Robyn sees a lawyer regarding a prenup. Ya Allah, what’s up with Ms Dixon’s hair? She acquired her extensions and highlights from the same person who gave Gizelle her initial confessional look. Gizelle’s second yellow look is an improvement, but the wig still shakes and the top is ill-fitted at the bust.
I’m glad Robyn has some money, but I don’t get all the hedging and hawing over the Dixons’ first marriage. Juan was a DMV-area legend in his college-basketball prime, played for the Wizards, and lived a lavish lifestyle. If they can’t admit how his success affected their marriage, they shouldn’t remarry. Every time Robyn mentions Candyman, Juan appears surprised. Immature.
Wendy gets the cockamamie notion (probably from producers) to organise a “burn session,” when the cast tries and fails to air out their concerns in order to move on. Chris Bassett says this only works if everyone has good intentions, and it’s evident that Gizelle and Robyn don’t.
— Vulture (@vulture) November 7, 2022
Wendy, to her credit, has acknowledged that her demeanour can come across as condescending and holier than thou. That is not a major concern for me. At times, all of the women can be performatively condescending in their own way.
I believe the issue is more about the women feeling insecure because Wendy is making the most of her opportunities. Wendy can be corny and stilted at times, and according to a recent interview with Carlos King, part of that is because she has been trying to figure herself out after spending her life dutifully fulfilling the roles of Nigerian daughter, wife, and career woman, but it is not translating well.
The narrative edits have also heightened the tensions between Robyn and Wendy; apparently, they had an offscreen relationship during the pandemic, and none of her concerns about her changing body image was ever relayed to her off-camera, and now Robyn is allegedly on a mission to ice her out by any means possible.

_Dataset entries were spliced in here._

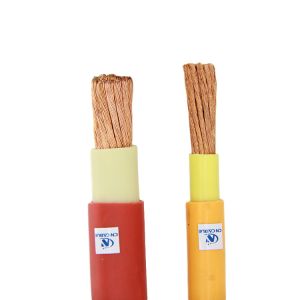 China Class 6 Conductor 70mm 95mm Orange Welding Cable factory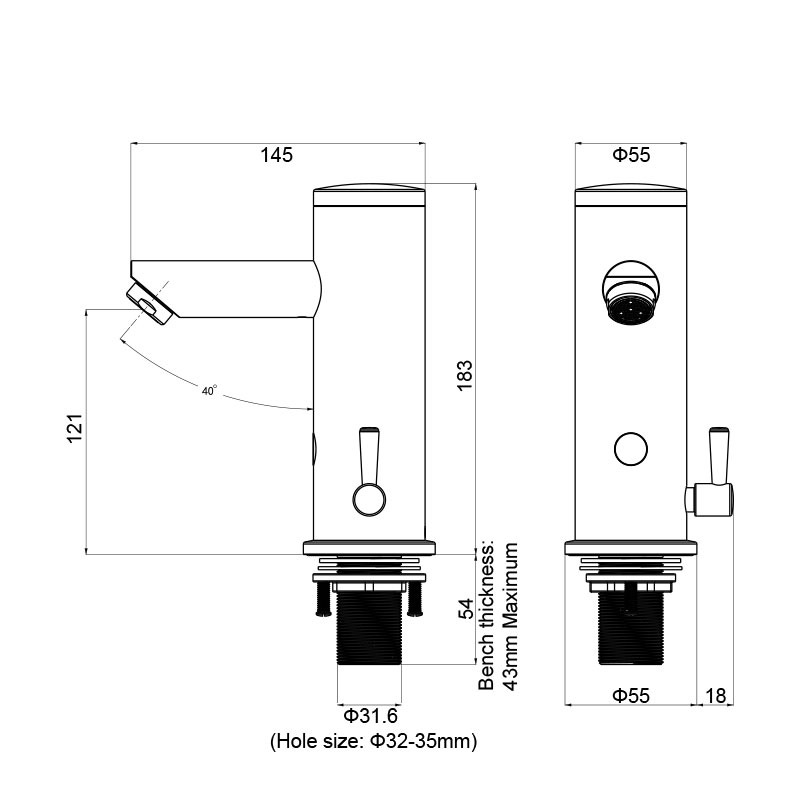 Stainless Steel Sensor Mixer Tap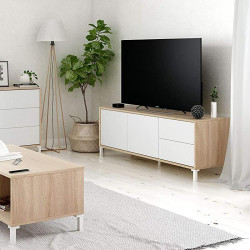 MUEBLE TV 47X130X41CM BROOKLYN 2P2C RCANADIAN BL ARTIK MOMI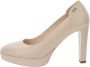 Nerogiardini Leren Hoge Hakken Schoenen voor Vrouwen Beige Dames - Thumbnail 12
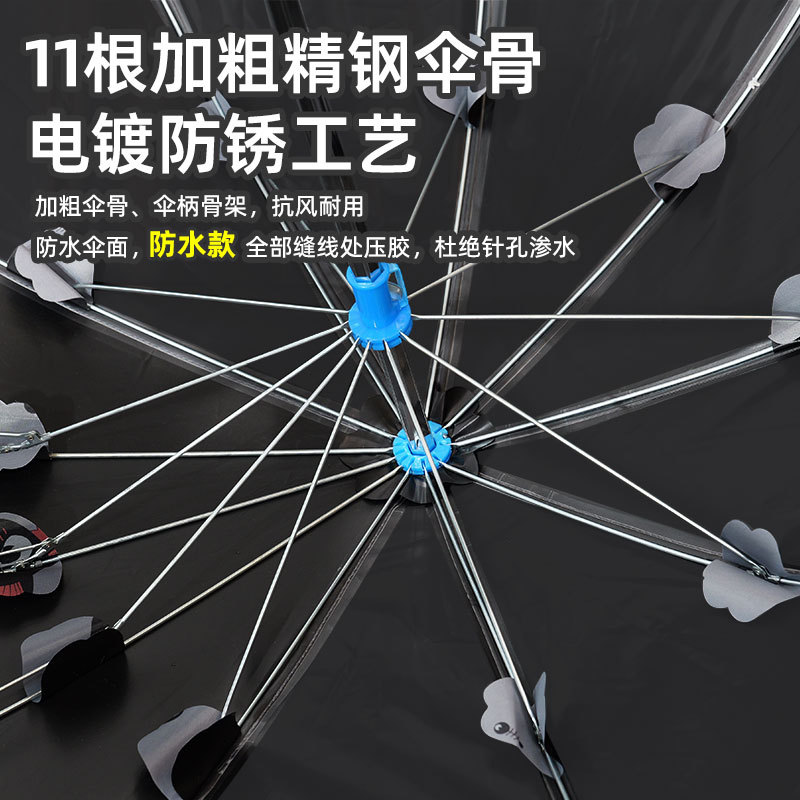 Electric Vehicle Umbrella, Special Rain Umbrella for Battery Vehicle, Sunshade, Take-Out Detachable Safety Rider Folding Awning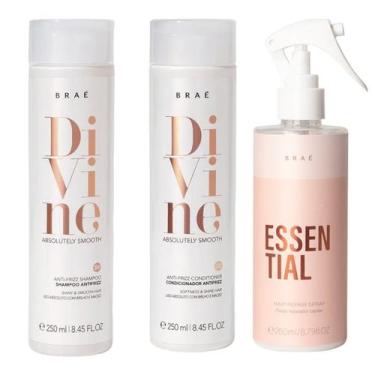 Imagem de Kit Braé Divine Duo Shampoo e Cond 2x250ml + Essential 260ml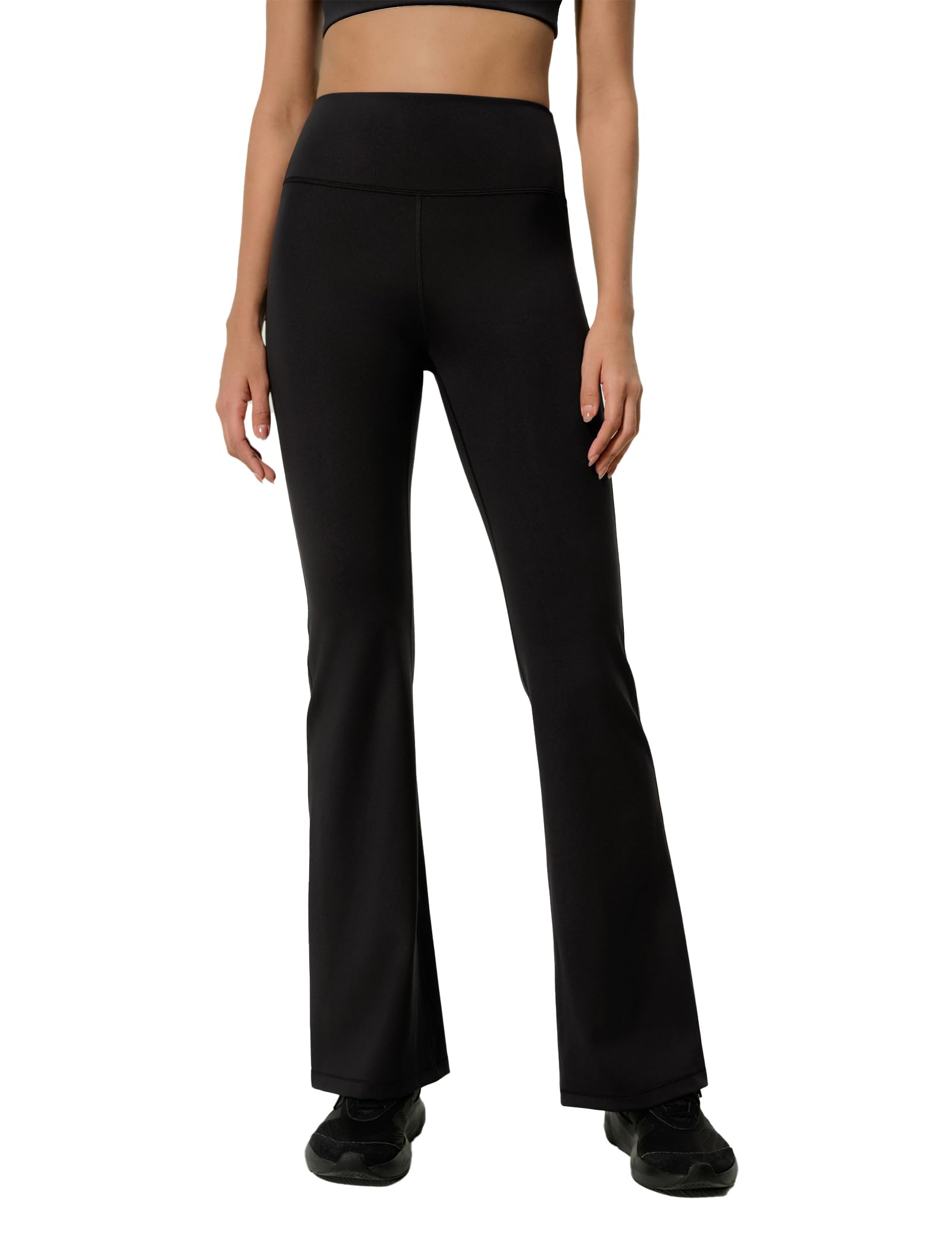 LILYSILK Women’s High-Rise Silk Flare Yoga Pants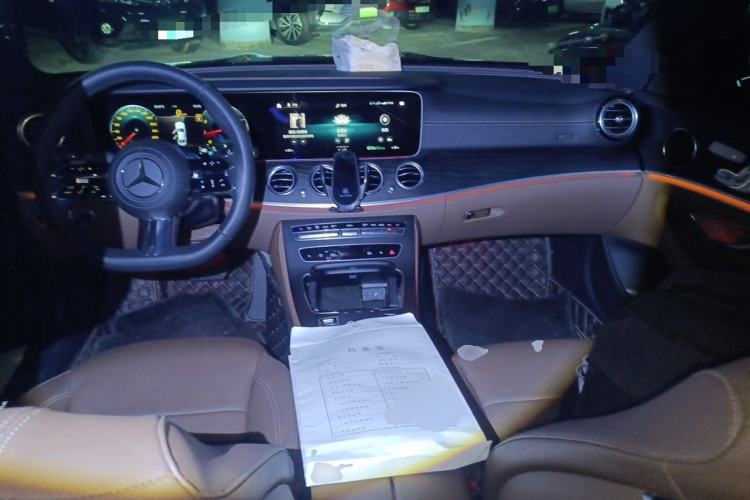 Used Mercedes-Benz E-Class 2023 E 300 L Sporty and Stylish Model Center Console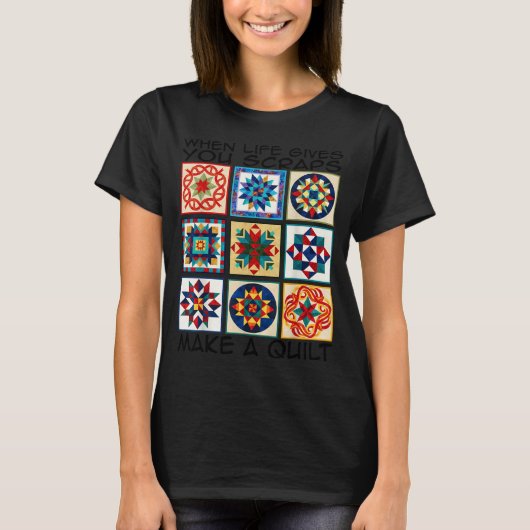 Funny Quilting Sewing Make A Quilt Patterns Quilte T-Shirt (Vorderseite)
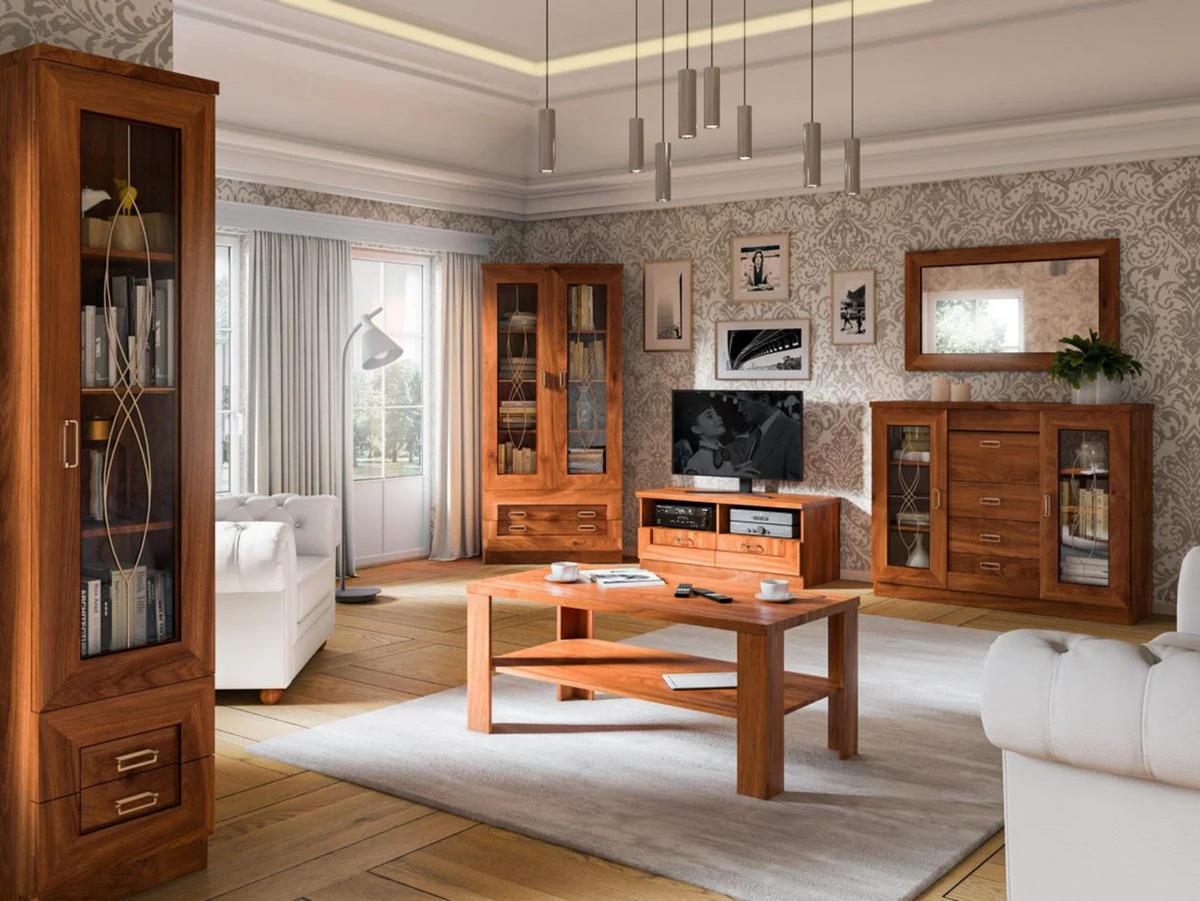 TV-SCHRANK TADEUSZ-11 - Akaziefarben, Holzwerkstoff (118/50/50cm) - Meblini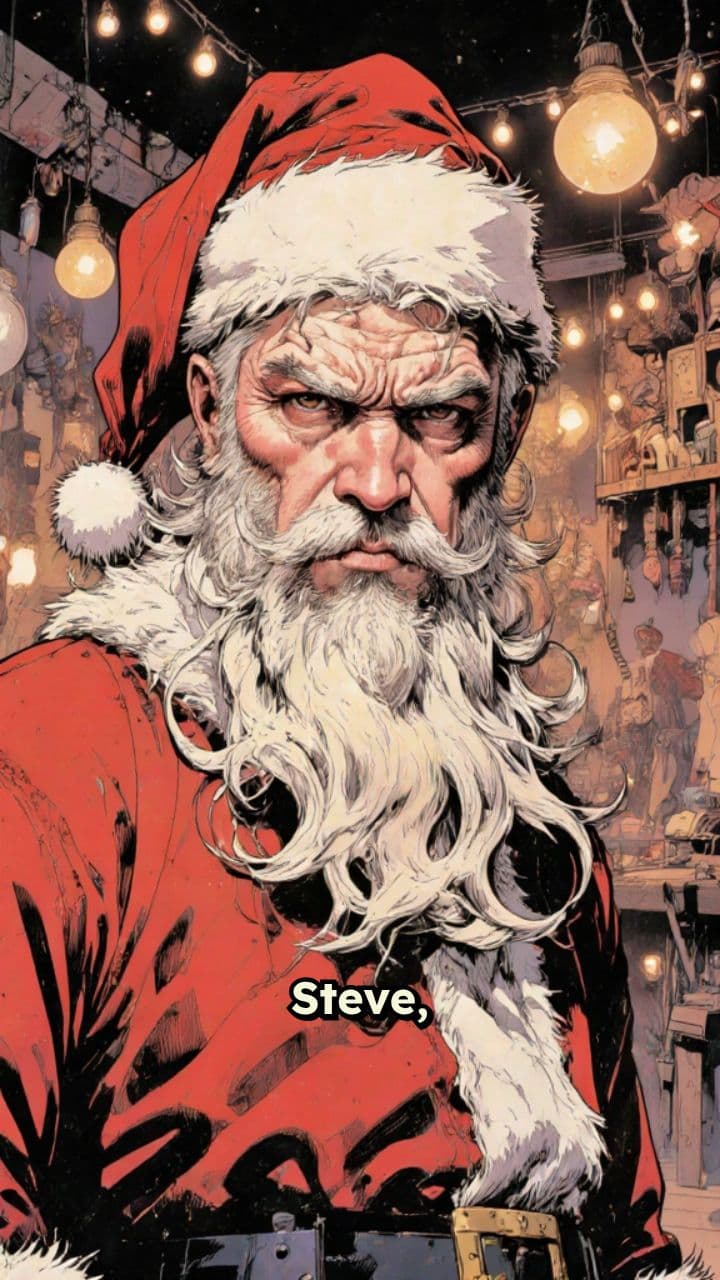 Santa's Warning to Steve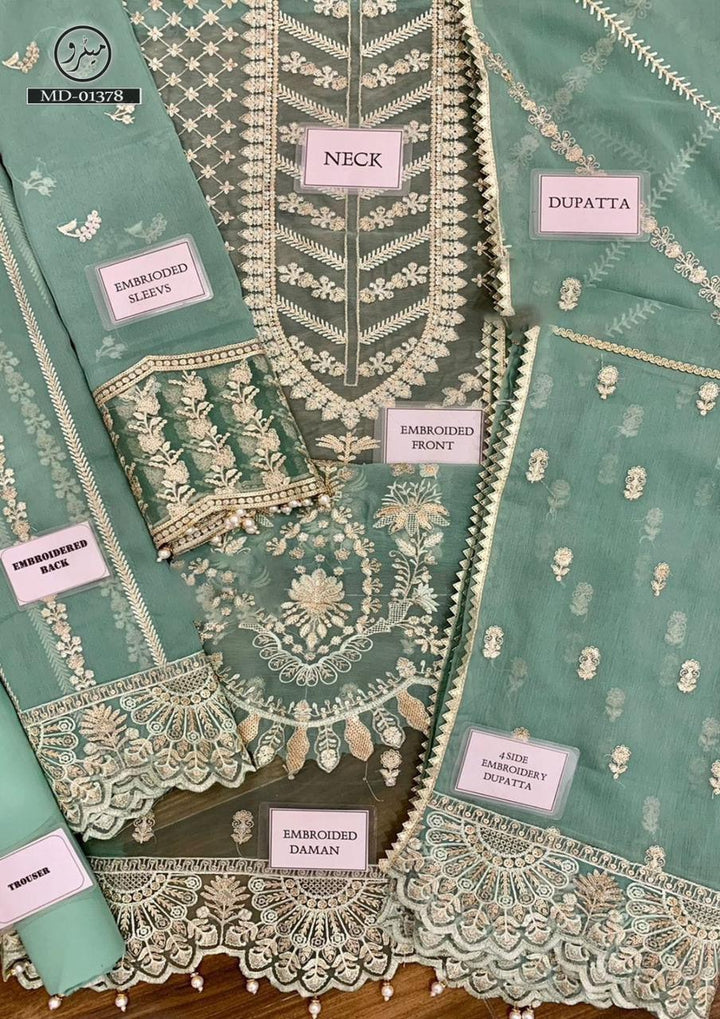 Afrozeh Chiffon Suit-Replica Suits-Replica Zone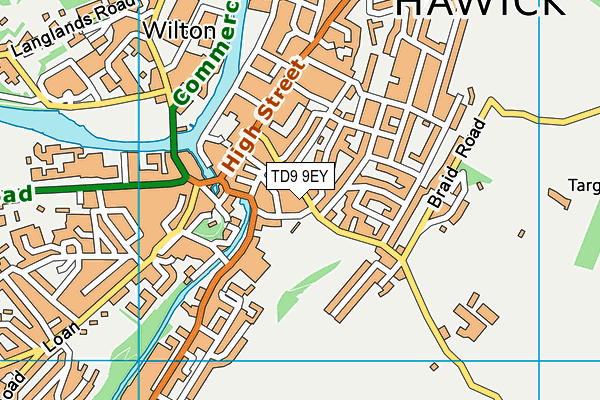 TD9 9EY map - OS VectorMap District (Ordnance Survey)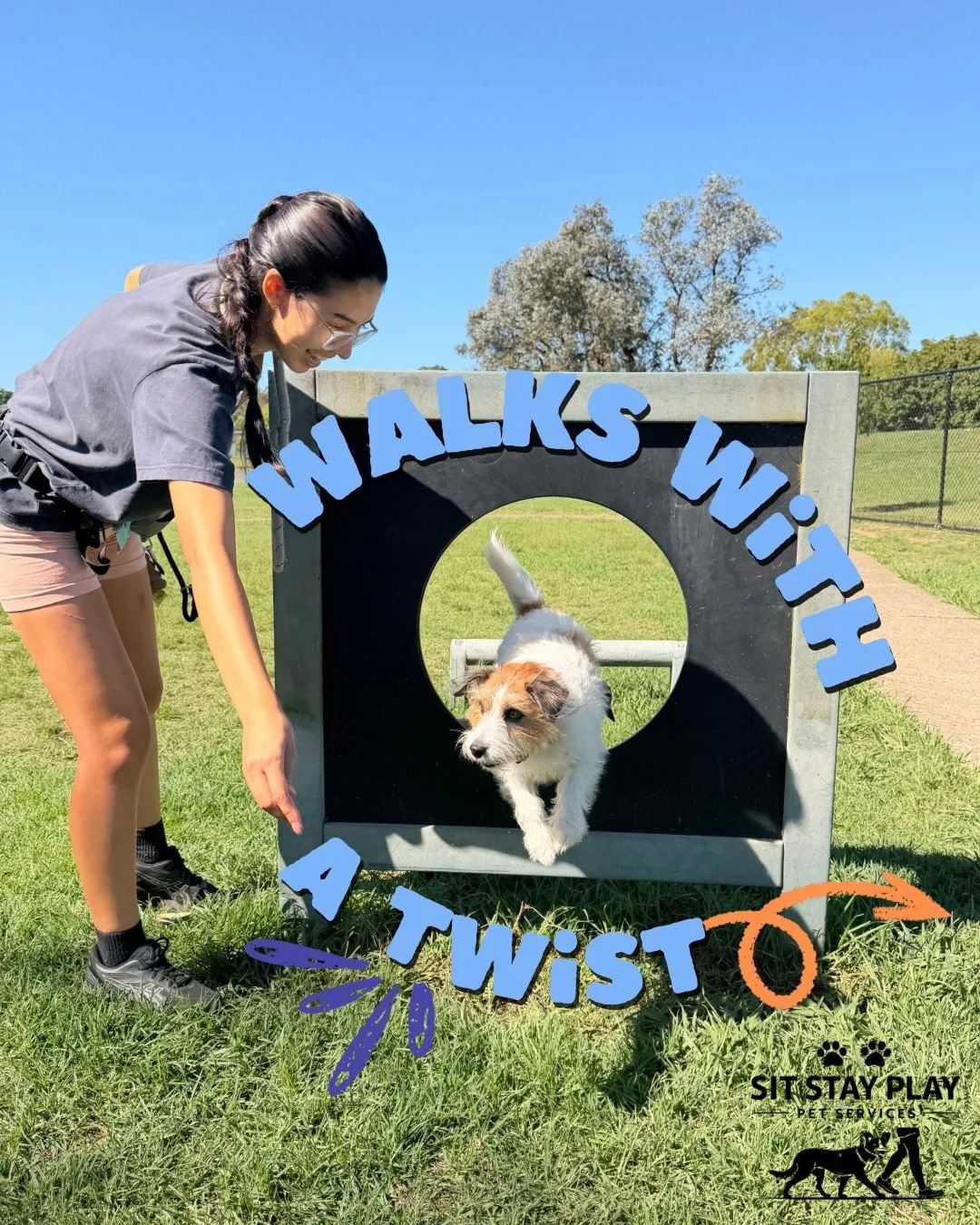 Dog walking with a Twist 🔀🐕&zwj;🦺

Turn your dog&rsquo;s daily walk into a productive training session. Our Dog walking with a Twist combines physical exercise with balanced training methods to reinforce leash manners, focus, and calm behaviour in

All of this context is provided as a useful preamble to Robyn’s irrational burst of beige rage at the winery. Robyn, it appears, is convinced that she not only did not appear aggressive in her confrontation with Wendy during Ashley’s dance class but that she did not need to be restrained and told to sit down before embarrassing herself on national television.
She is so enraged by the implication that she tried to fight her that she says, “please be careful in your words because that is dangerous,” which is just capital-I ironic for someone who has long been best friends with Gizelle “word on the street” Bryant.
She can call Charisse and her terrifying boob job for backup all she wants, and have Gizelle gang up on screaming down Wendy all she wants, but she is the only one who ends up looking like a fool here, stomping out to the sprinter van with nothing but a mean-girl attitude and weird “thug” tropes.
Ashley, never one to be outdone, fills the void by bringing up allegations made by a friend of hers that Chris was flirty with her at the Spring Fling, immediately putting Candiace on the defensive.
These claims were revealed to her after her one-on-one time with Candiace, according to her, but her tone with Candiace — smugly asking, “It don’t feel good, huh?” — certainly raises red flags.
This bothers me for several reasons: we are now conflating hitting on people/making passes with an inappropriate crossing of boundaries that implies violating consent; I really don’t need another season of Potomac to be a referendum on a husband’s behaviour, and I will not pretend that any of these husbands are of such high moral fibre that they are above anything resembling infidelity.
The way the cast stacks the deck and vaguely lays it out without proof sets us up to automatically defend the men in the story as victims of catty women. For a variety of reasons, this drama is veering into very messy territory, and I need us all to eject quickly and move on to why the hell Mia throws a drink at Wendy in Miami.